Burg-Premiere

Heuchler „Tartuffe“ im Kabinett zerstörter Seelen

Kritik
27.01.2025 10:20

Endlich ein gelungener Molière am Wiener Burgtheater. Ein tolles Ensemble wächst unter Barbara Freys Meisterhand über sich hinaus.

Wundersam sind die Wege der Spielplandramaturgie: Statt Kleist, Schiller und Nestroy zeigt die Burg den dritten Molière in 14 Monaten. Dabei hätte man Martin Kusejs beleidigten „Menschenfeind“ und Stefan Bachmanns aus Köln importierten „Eingebildeten Kranken“ mit Freuden durch ein Werk obgenannter Herren ersetzt gesehen. Den gegenständlichen „Tartuffe“ allerdings ließe man sich ungern entgehen.
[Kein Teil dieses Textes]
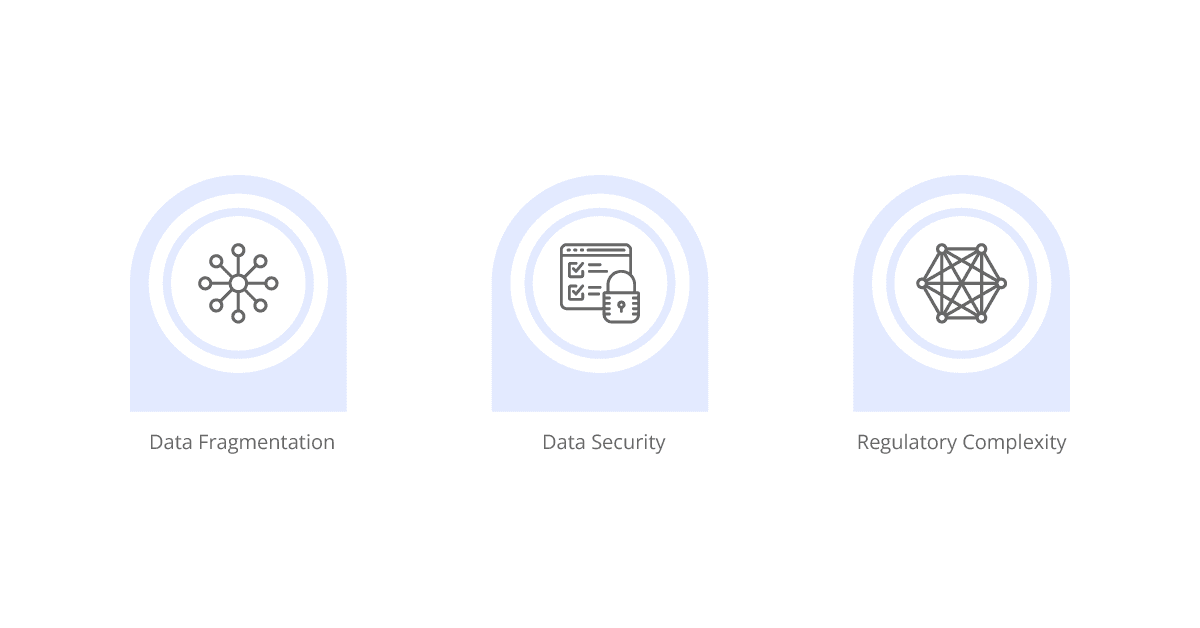 challenges in achieving compliance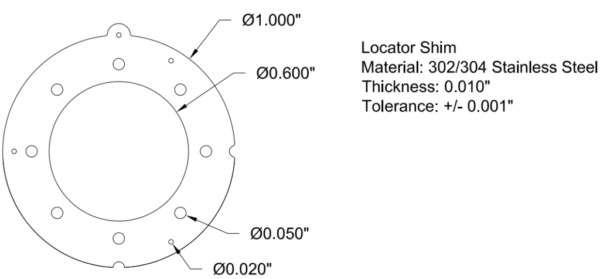 shims part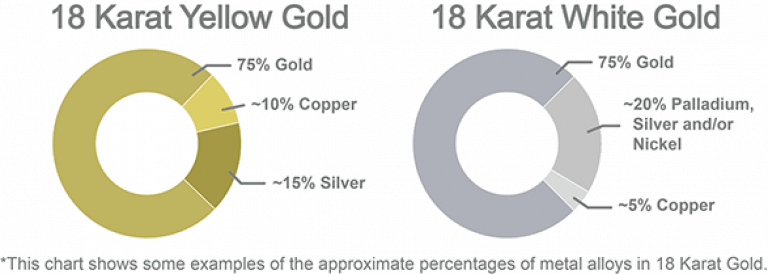 18k yellow vs white gold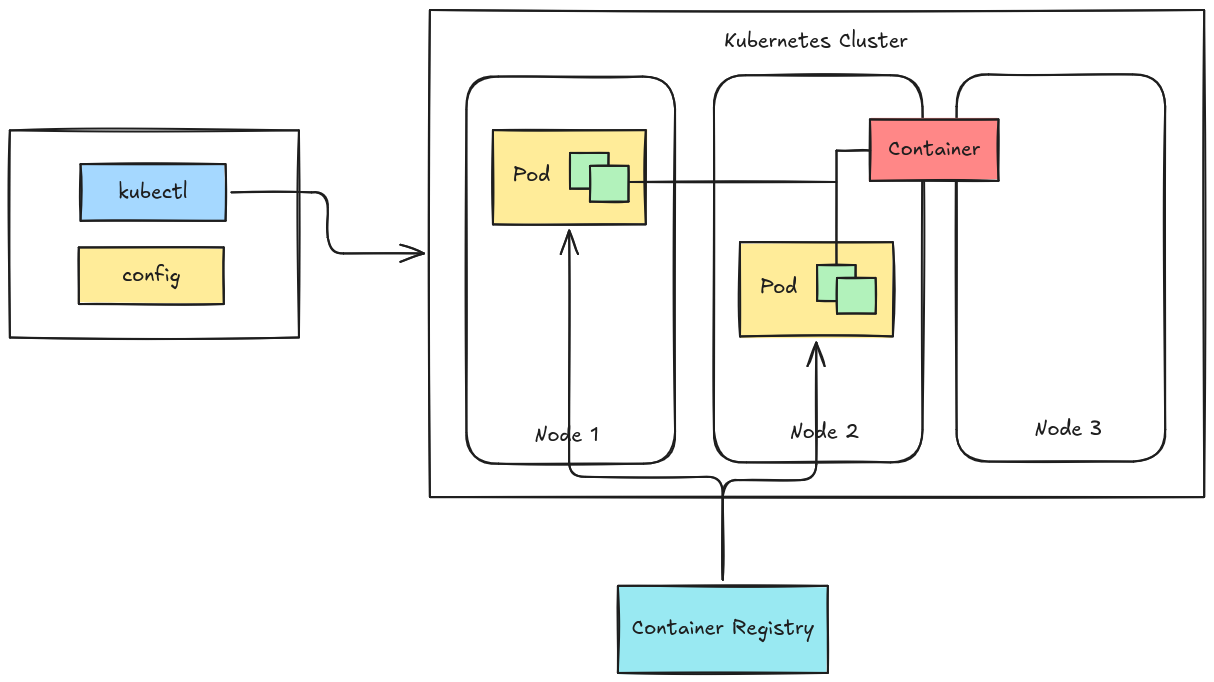 Architecture Diagram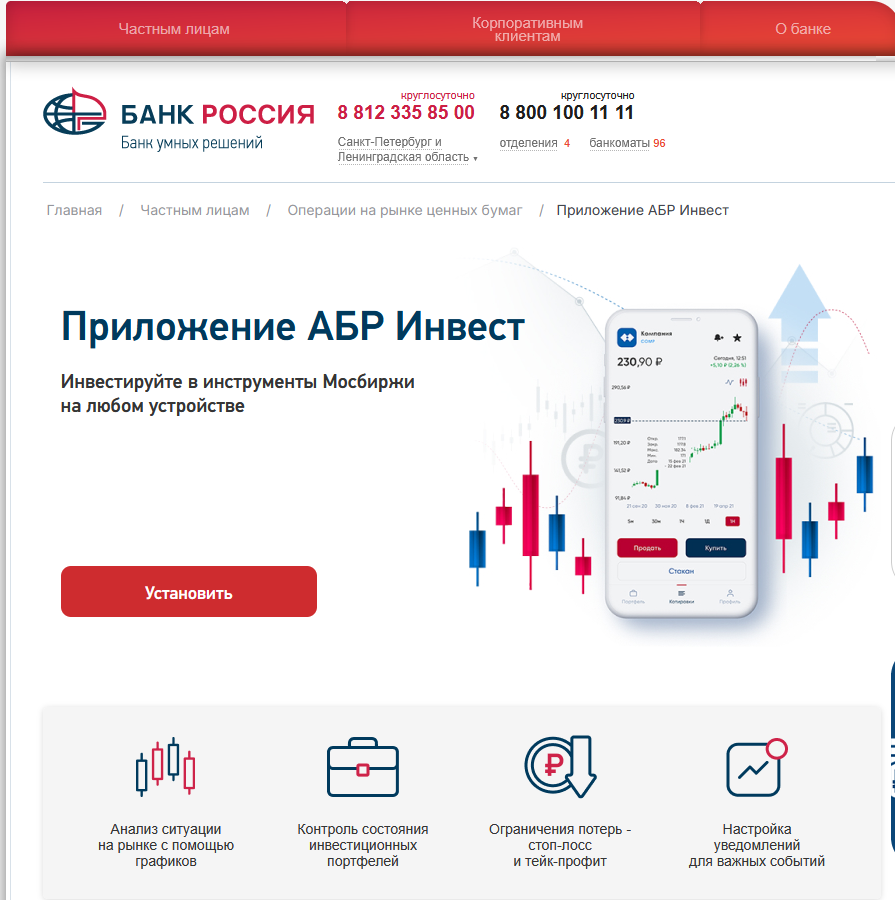 абр инвестиции абр инвестиции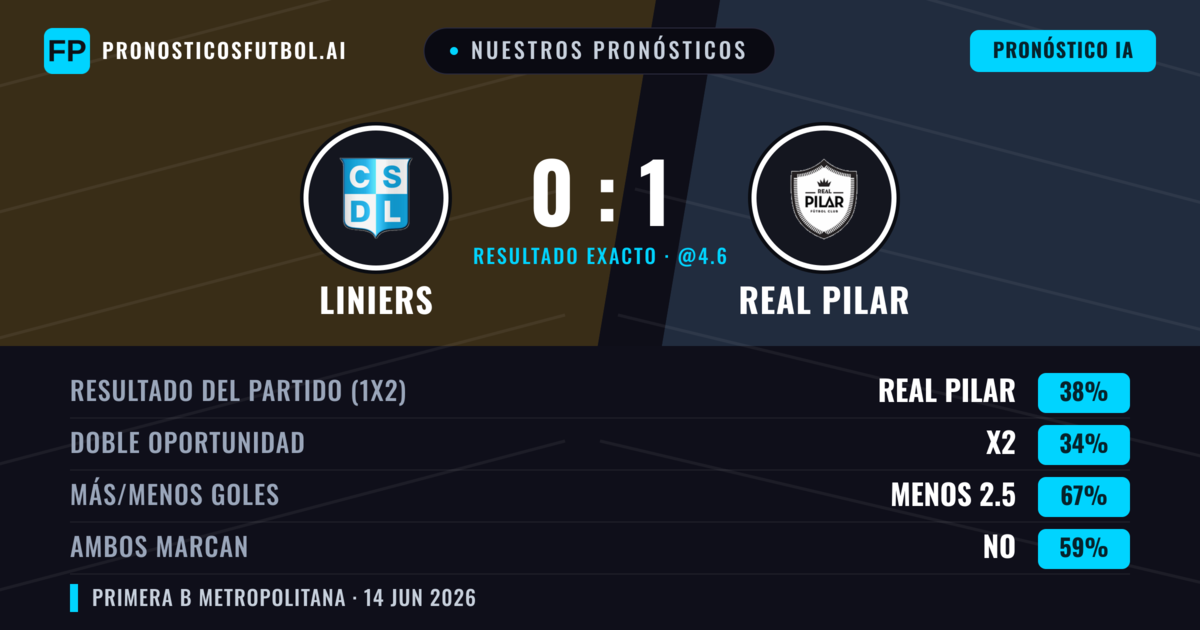 Nuestros pronósticos: Liniers vs Real Pilar — Real Pilar — Ganar (38%); Menos 2.5; Ambos marcan: No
Die Regisseurin Barbara Frey versteht sich auf die Tonalität großer Literatur und die finsteren Subtexte unter dem scheinbar Heiteren. So wird dieser „Tartuffe“ zum dunklen, bis ins Absurde getriebenen Kammerspiel mit diskreter Klavierbegleitung. Vor Regenschleiern nimmt eine Abnormitätenprozession verbogener Seelen den Weg des Verhängnisses. Wer verbogen hat, wird gleich klar. Die bigotte Übergroßmutter hat die Familienhölle möbliert (Bild: Martin Zehetgruber), und es geschieht das Erwartbare: Der Spießer Orgon verfällt einem Hochstapler, der ihm Achtung, Lauterkeit und menschliche Wärme heuchelt. Was zwischen Bibiana Beglau und ihrem Opfer Michael Maertens an verdeckter Homoerotik glost, ist allerhand und rechtfertigt ohne dümmliche Diversitätsdiktate den weiblichen Einsatz für die Titelrolle.
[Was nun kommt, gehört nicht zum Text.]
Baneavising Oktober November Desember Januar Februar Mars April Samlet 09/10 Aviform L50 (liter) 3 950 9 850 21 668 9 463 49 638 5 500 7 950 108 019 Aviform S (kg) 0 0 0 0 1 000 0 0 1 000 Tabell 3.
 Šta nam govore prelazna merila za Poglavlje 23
Mit hoher Musikalität in Simon Werles feine Alexandriner-Übersetzung eingewiesen, begeistert ein Ensemble der Virtuosen, die umwerfend an die Grenzen der Selbstentstellung gehen und doch alle ein Schicksal zu erzählen haben. Maria Happel, Sarah Viktoria Frick auf Himalaya-Höhe der Verwandlungskunst und Barbara Petritsch ragen unter lauter Augenhohen noch ein Stück hervor.